* [Input records]:
- - -
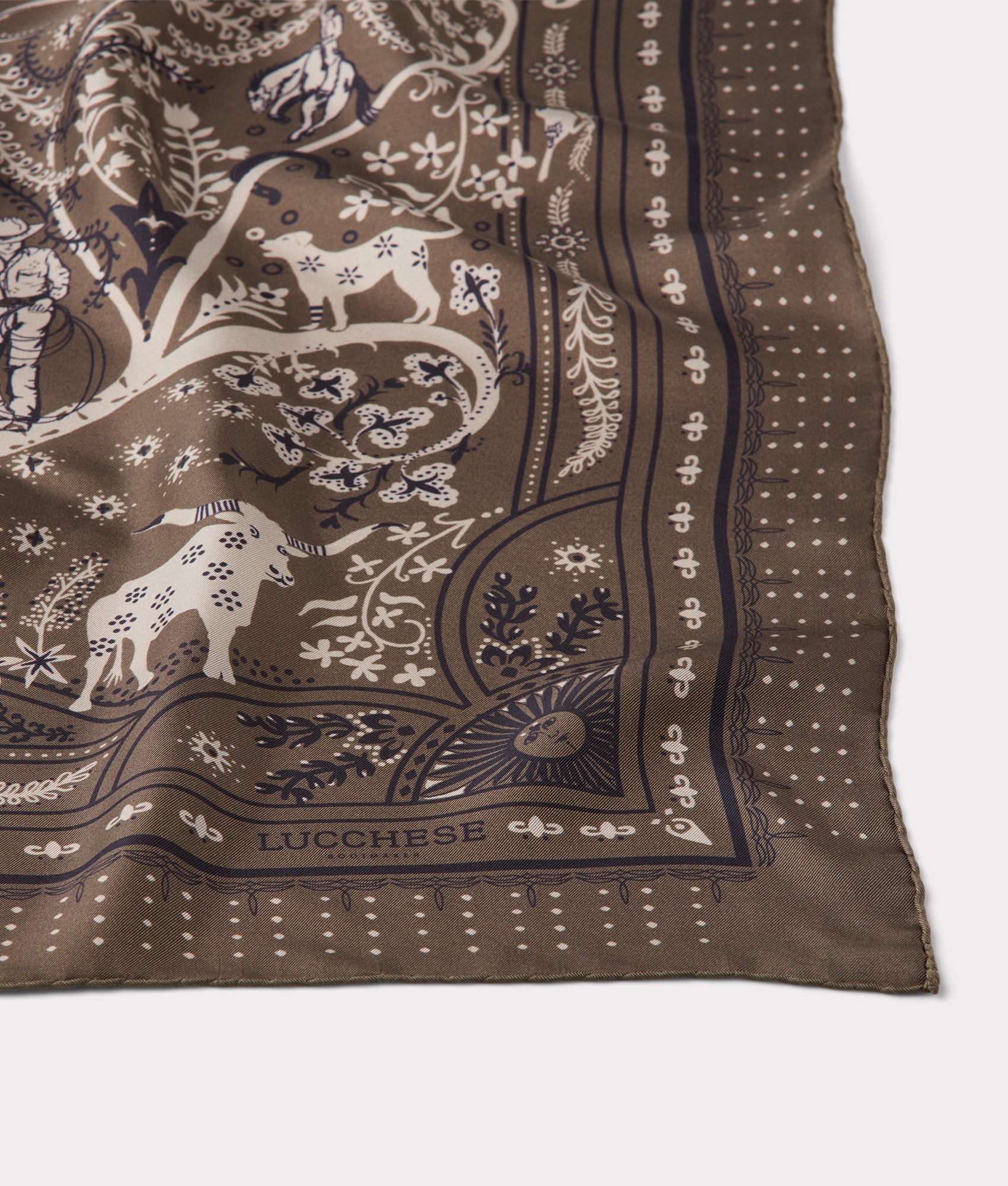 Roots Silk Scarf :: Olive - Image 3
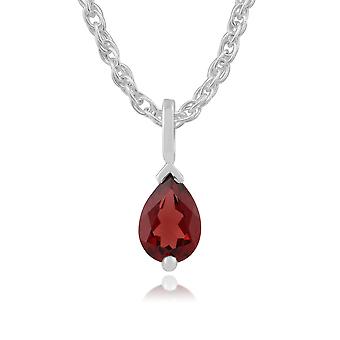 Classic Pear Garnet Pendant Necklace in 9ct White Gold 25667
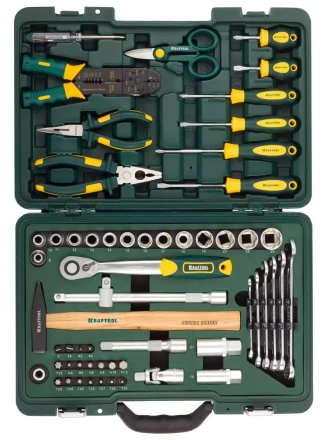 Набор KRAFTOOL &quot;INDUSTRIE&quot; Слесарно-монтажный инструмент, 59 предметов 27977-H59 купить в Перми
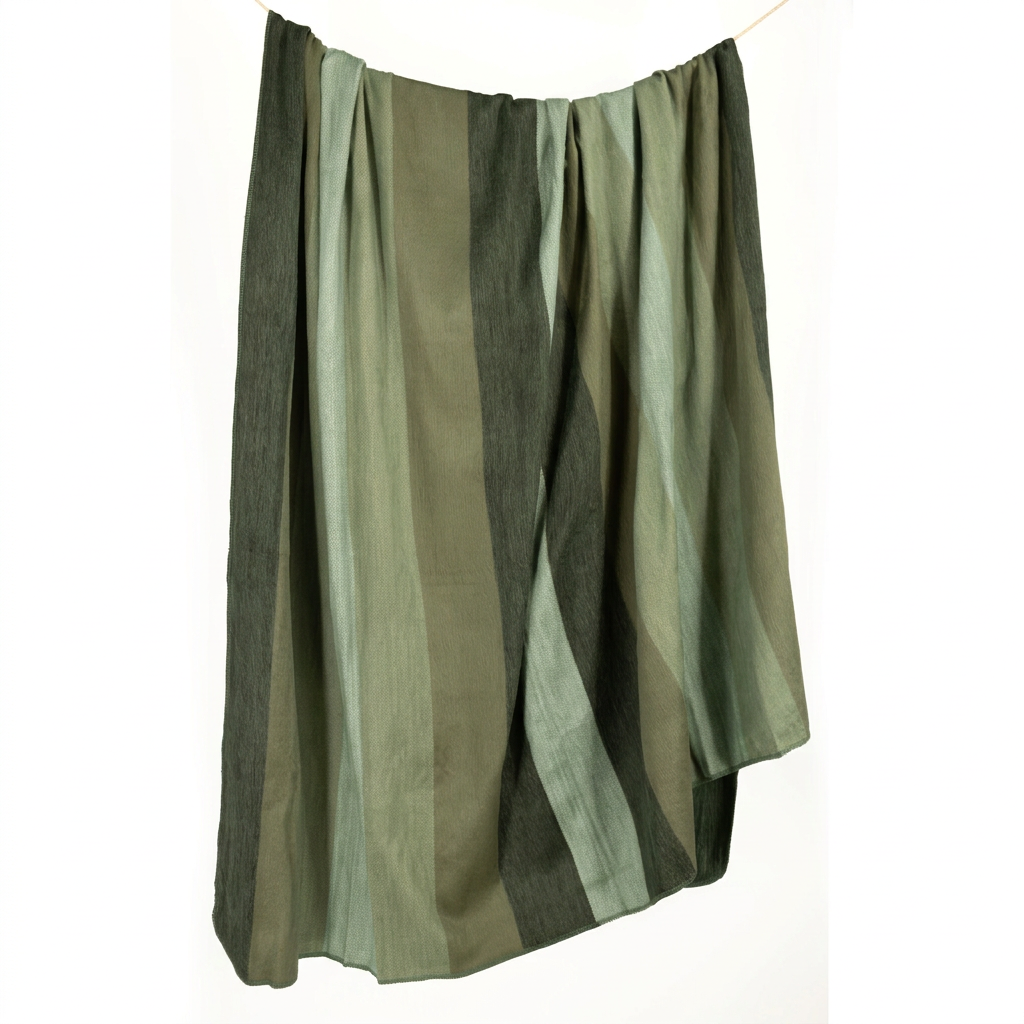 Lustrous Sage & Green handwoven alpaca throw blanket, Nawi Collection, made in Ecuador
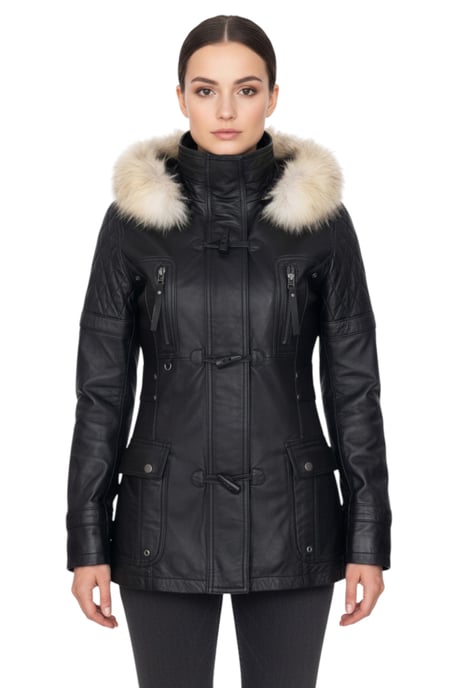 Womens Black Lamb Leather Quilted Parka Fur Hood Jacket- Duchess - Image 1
- - -
* [Work task]:
Set down the material above word for word and skip its pictures.

* [Result for this task]:
 Roots Silk Scarf :: Olive - Image 3
 Classic Pear Garnet Pendant Necklace in 9ct White Gold 25667
 Набор KRAFTOOL &quot;INDUSTRIE&quot; Слесарно-монтажный инструмент, 59 предметов 27977-H59 купить в Перми
 Lustrous Sage & Green handwoven alpaca throw blanket, Nawi Collection, made in Ecuador
 Womens Black Lamb Leather Quilted Parka Fur Hood Jacket- Duchess - Image 1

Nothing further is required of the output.